*What to do*. The answer consists solely of the lines running from the one with "Chart on the" through the final line below, transcribed exactly and without any pictures.

*Data excerpts*.

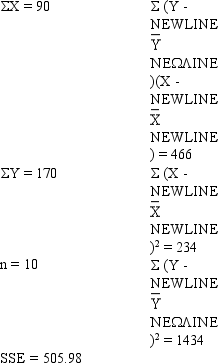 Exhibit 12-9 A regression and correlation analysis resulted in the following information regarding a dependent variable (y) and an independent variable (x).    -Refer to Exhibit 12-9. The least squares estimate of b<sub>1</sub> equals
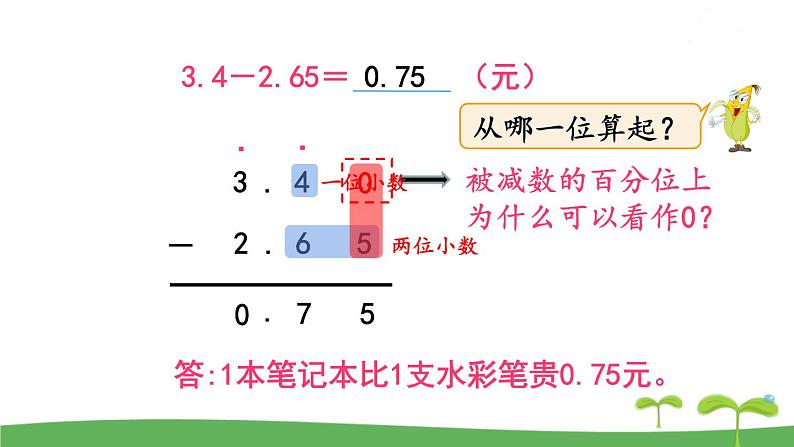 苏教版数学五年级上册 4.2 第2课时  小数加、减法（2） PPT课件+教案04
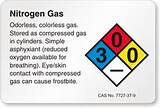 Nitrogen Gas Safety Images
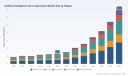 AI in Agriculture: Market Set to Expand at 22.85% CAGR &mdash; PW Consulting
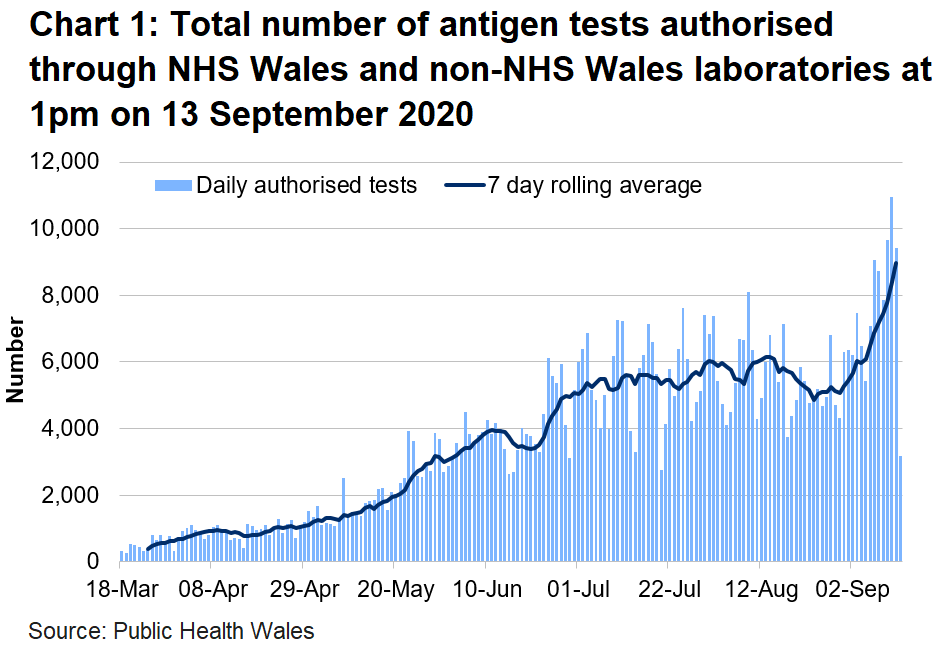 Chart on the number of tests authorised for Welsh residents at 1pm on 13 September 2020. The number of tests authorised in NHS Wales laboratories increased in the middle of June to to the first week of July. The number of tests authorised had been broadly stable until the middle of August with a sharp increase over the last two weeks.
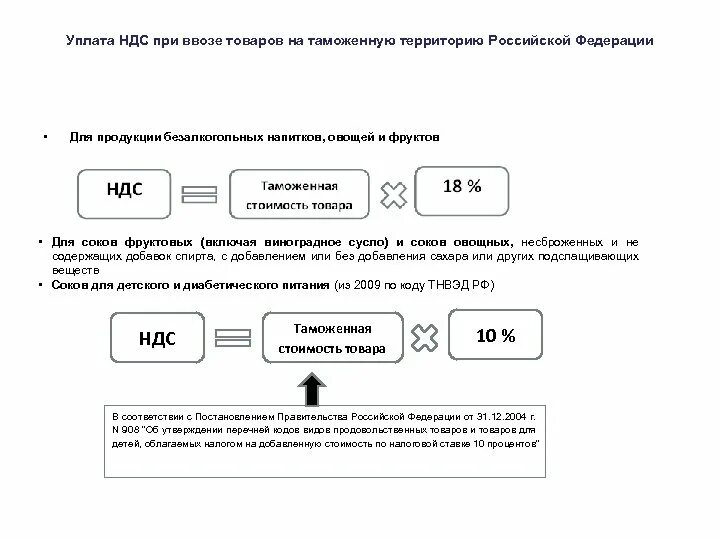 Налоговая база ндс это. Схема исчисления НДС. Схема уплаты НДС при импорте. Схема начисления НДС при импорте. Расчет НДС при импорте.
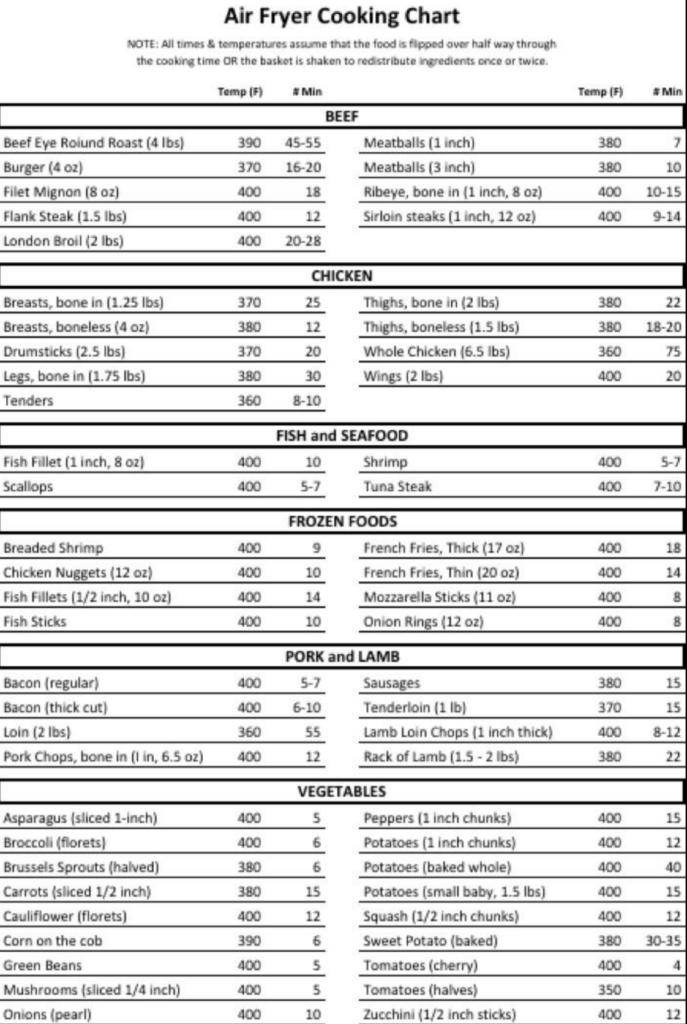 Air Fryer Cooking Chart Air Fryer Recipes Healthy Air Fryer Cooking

*Answer for the task*.
 Chart on the number of tests authorised for Welsh residents at 1pm on 13 September 2020. The number of tests authorised in NHS Wales laboratories increased in the middle of June to to the first week of July. The number of tests authorised had been broadly stable until the middle of August with a sharp increase over the last two weeks.
 Налоговая база ндс это. Схема исчисления НДС. Схема уплаты НДС при импорте. Схема начисления НДС при импорте. Расчет НДС при импорте.
 Air Fryer Cooking Chart Air Fryer Recipes Healthy Air Fryer Cooking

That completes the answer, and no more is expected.